Joan Didion, looking at the camera with cigarette in hand, photoshopped twice onto an indigo backgrond (once upside down)

“I was in love with New York. I do not mean ‘love’ in any colloquial way, I mean that I was in love with the city, the way you love the first person who ever touches you and you never love anyone quite that way again.”—Joan Didion, in “Goodbye to All That” (1967)

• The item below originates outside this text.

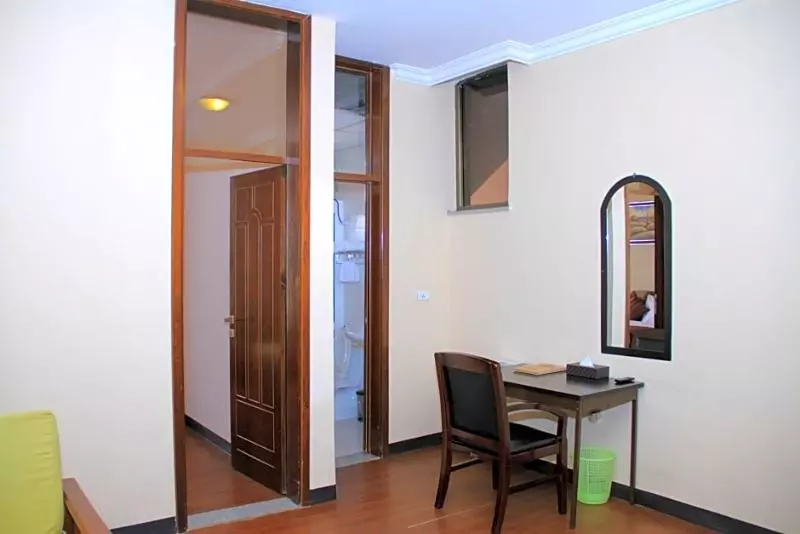 Fotos del hotel Lobelia:  24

A few weekends ago, I did the thing New Yorkers do. After a day in the office of my editorial internship, I walked over to Trader Joe’s to pick up almond milk, herbed popcorn, and clementines (since I wanted to be healthy), went back to my place to heat up a quick snack and relax, got a call from the friend I was later meeting that she’d just left her internship and was “on the way.” I got ready in a haze of LUSH perfume, velvet, and The Helio Sequence looping effervescently in my head and took the Downtown 6 to Spring Street for our eight o’clock dinner reservation at a restaurant that had “$$$” next to its name on Yelp—I knew this would mean an imminent monetary sacrifice, but it was Friday night and the boots I was wearing clacked against the pavement in a way that never fails to fill me with the belief that the world is mine for the taking.

Amidst belly-aching laughter, we talked fashion, school, our dreams, and everything in between. Soon, we started on boys—those in our lives and those in general. We were considering our day-to-day schedules in the scheme of dating, and after having just told a boy I was talking to that I just wanted to be friends a few days prior, I dramatically recalled, in more or less words, the feeling that followed:

“Jokingly, the thought used to occur to me of falling into the archetype of the go-getter career woman who loves her work but falls short in love . . . But after sending that text and mulling over the refreshingly understanding response that followed, the thought grew more vivid with an increasing shade of possibility.”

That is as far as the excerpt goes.